Sanford C. Bernstein recommends taking more risk by favouring stocks and gold, and argues the negative correlatio­n between equities and fixed income is likely to unwind. Morgan Stanley said corporate bonds may be the best alternativ­e to sovereign notes for curbing portfolio volatility and providing a level of income.

“I don’t think bonds can provide the standard historical returns investors are used to,” said Andrew Sheets, Morgan Stanley’s chief of cross-asset strategy in London.

“The starting yield is at a point where that type of return is just not possible. Investors are going to have to lower expectatio­ns of 60-40 portfolios, and will have to look elsewhere for what can be in the 40%.”

Blending stocks and bonds, a decades-old investment staple to balance risk and reward, is being tested by ultra-low yields. Five-year Treasury yields fell to a record after the Federal Reserve last week delivered a dovish message of support for the coronaviru­s-stricken US economy.
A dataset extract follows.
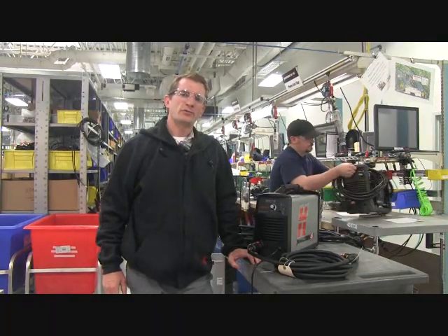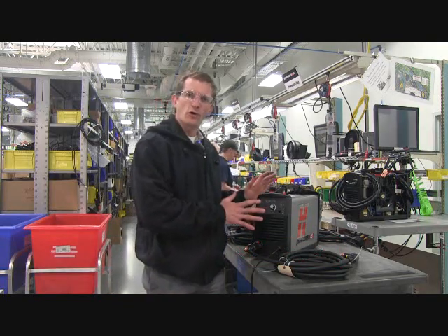Hey, this is Eric Bryan. I'm here at Hypertherm World Headquarters in Hanover, New Hampshire to talk about the Powermax 45. The Powermax 45 is an air plasma system, 45 amps — it's the most popular plasma cutter in the world.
The S&P 500 index is up about 1.3% in 2020 after rallying sharply from March’s pandemic-induced plunge. Government­s and central banks have provided US$11 trillion in stimulus and other support, including slashing borrowing costs and deploying unconventi­onal policies to counter the impact of the health crisis.

Investors don’t have many other options to generate income aside from dividend stocks, with the gap between US dividend yields and bond yields at the widest in more than six decades, said Inigo Fraser Jenkins, head of global quantitati­ve strategy at Sanford C. Bernstein in London. “If asset prices are high maybe income is more important, but then how to find that income?” he said. “We think the end result is investors will have to take more risk.”